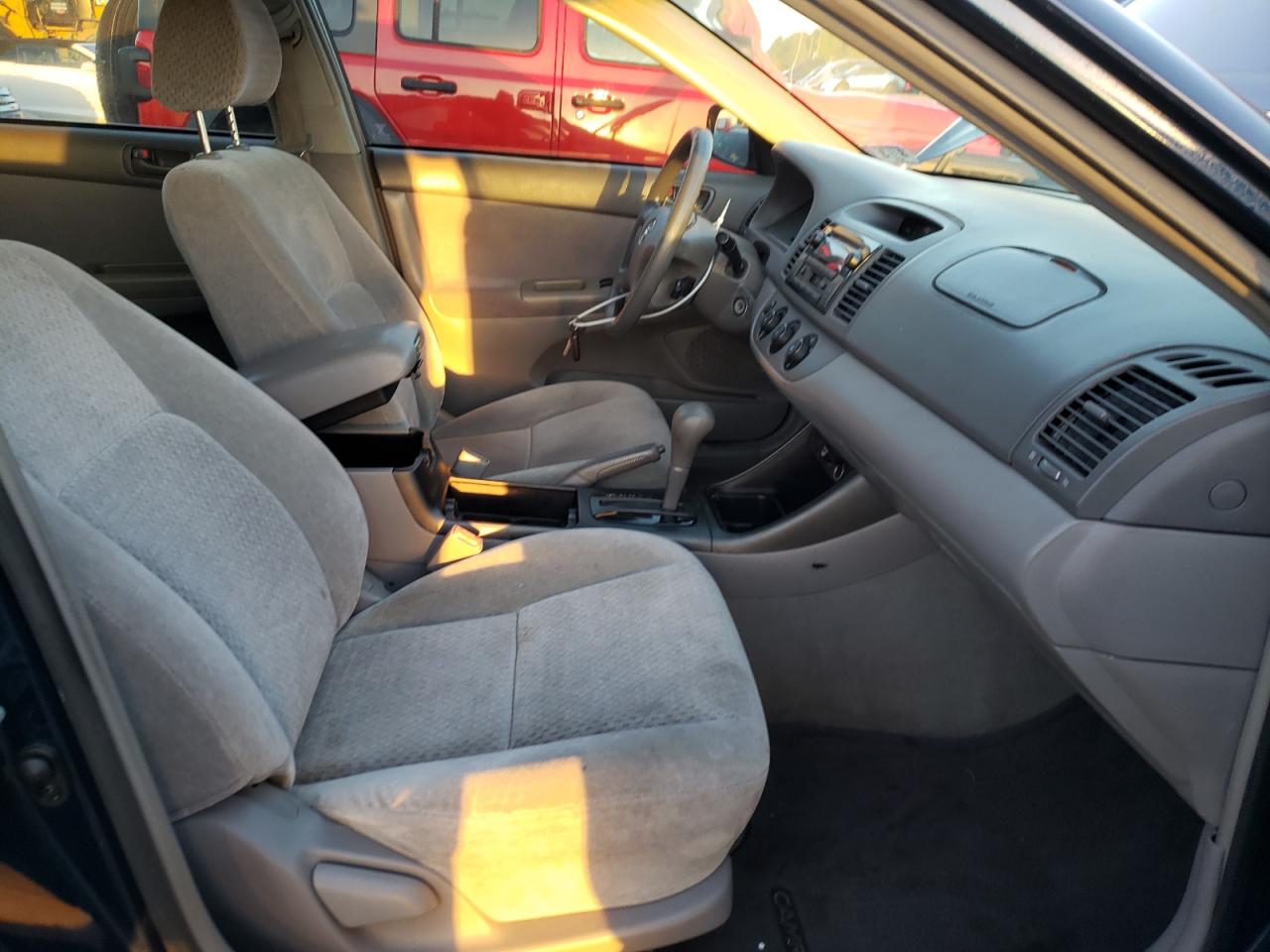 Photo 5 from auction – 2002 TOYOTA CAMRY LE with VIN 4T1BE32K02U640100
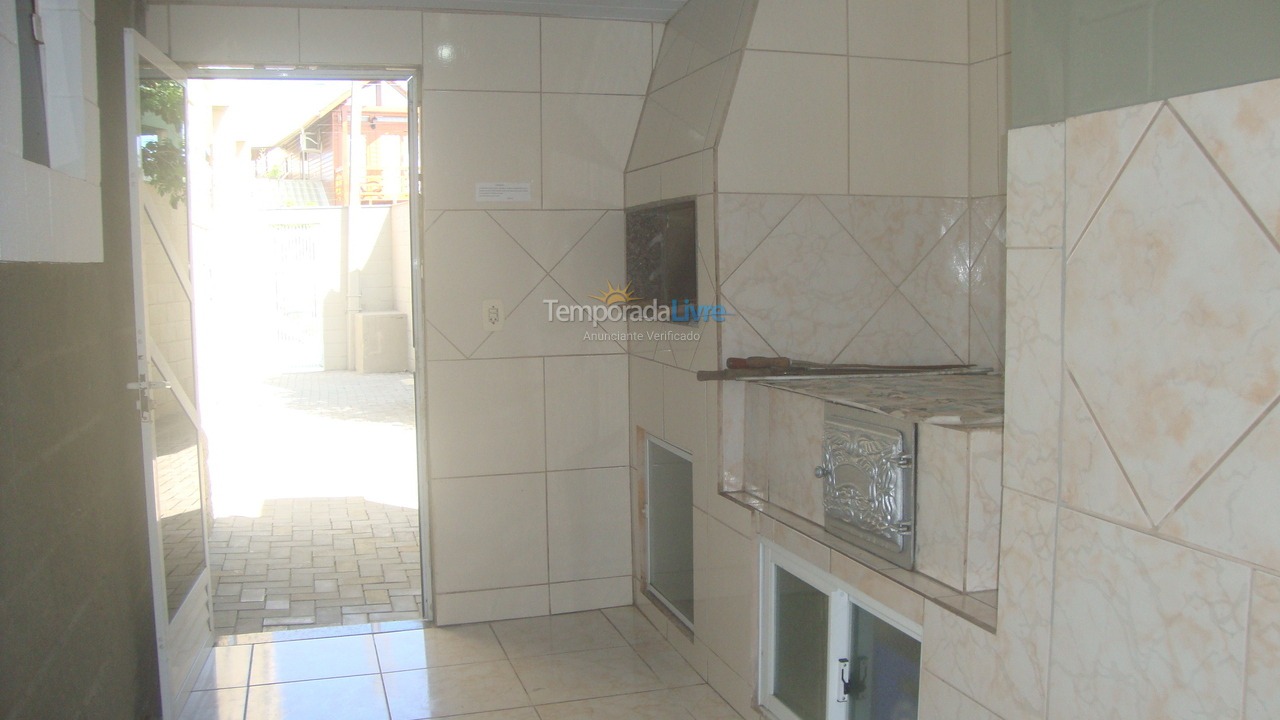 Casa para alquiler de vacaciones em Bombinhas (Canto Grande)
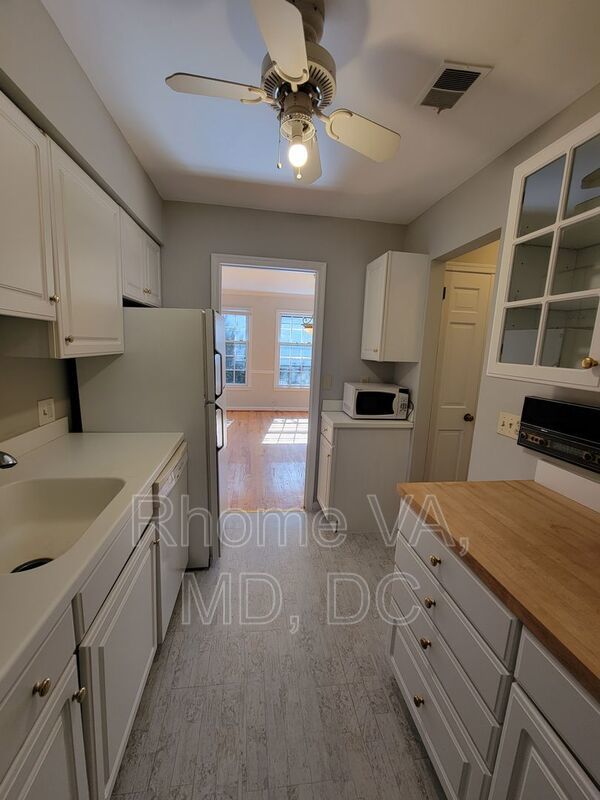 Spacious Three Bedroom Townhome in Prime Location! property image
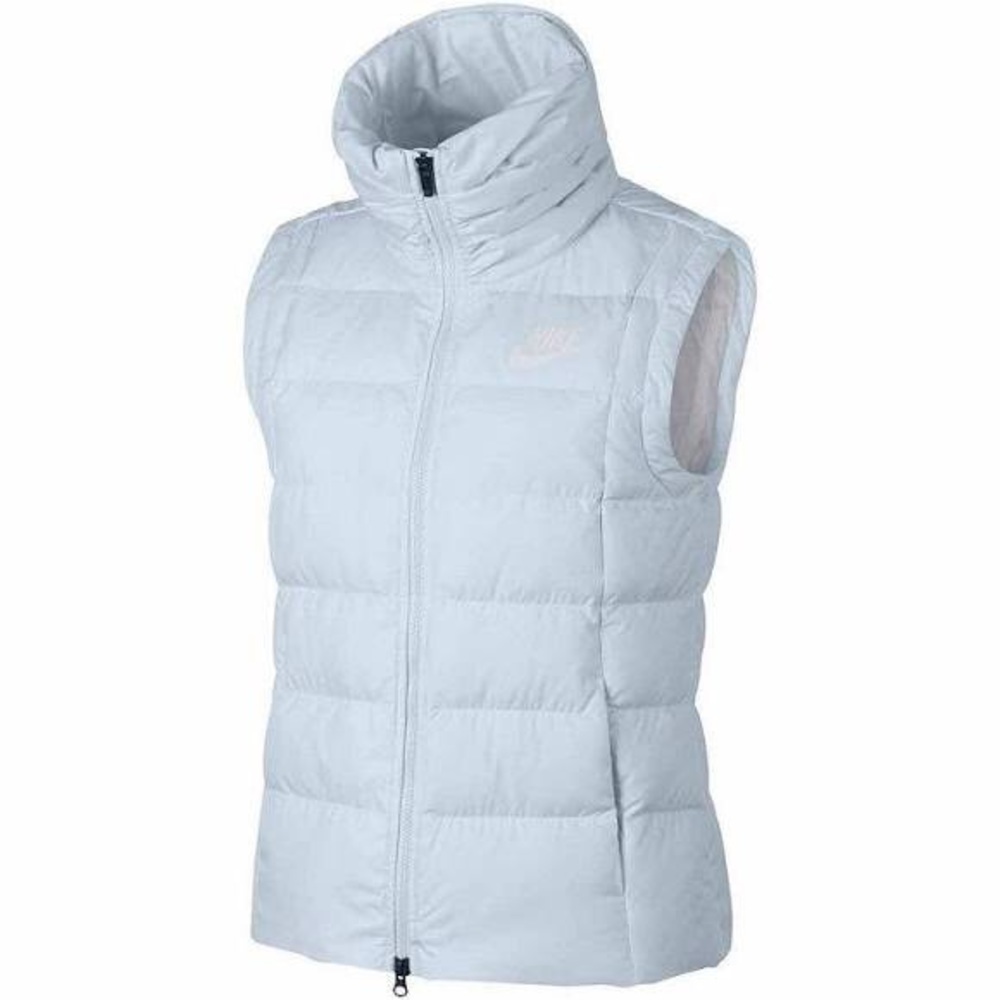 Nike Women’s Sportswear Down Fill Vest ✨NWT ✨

==

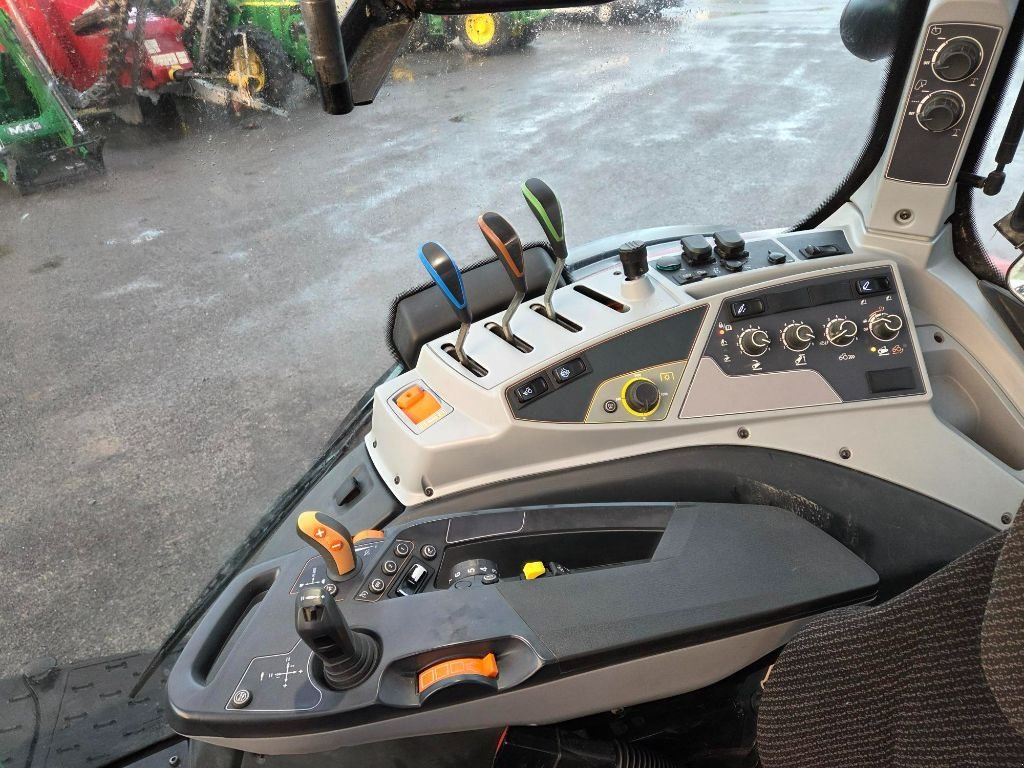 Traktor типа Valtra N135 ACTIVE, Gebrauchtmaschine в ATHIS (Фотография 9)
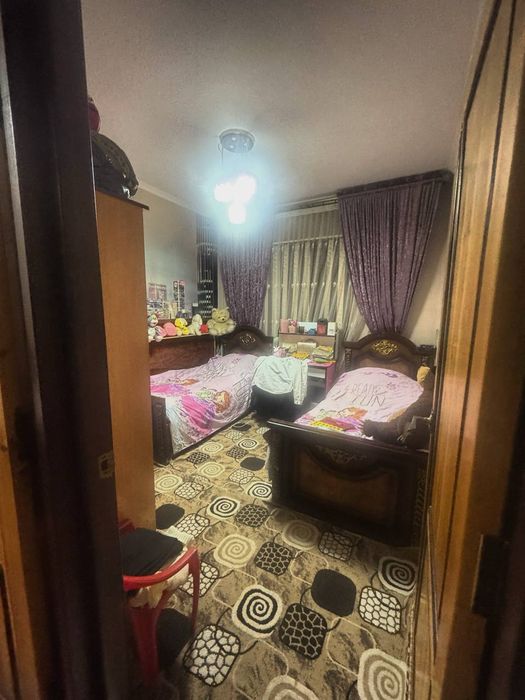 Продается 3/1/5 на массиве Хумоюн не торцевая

* * *

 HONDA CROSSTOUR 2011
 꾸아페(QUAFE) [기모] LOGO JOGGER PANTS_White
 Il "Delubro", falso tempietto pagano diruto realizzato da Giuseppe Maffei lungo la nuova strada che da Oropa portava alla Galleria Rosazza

◆ **Exercise aim**
Nothing but the lines above from the line with "Photo 5 from" up to and including the line with "Nike Women’s Sportswear" should be returned, exactly as written and without pictures.

◆ **Reply**
 Photo 5 from auction – 2002 TOYOTA CAMRY LE with VIN 4T1BE32K02U640100
 Casa para alquiler de vacaciones em Bombinhas (Canto Grande)
 Spacious Three Bedroom Townhome in Prime Location! property image
 Nike Women’s Sportswear Down Fill Vest ✨NWT ✨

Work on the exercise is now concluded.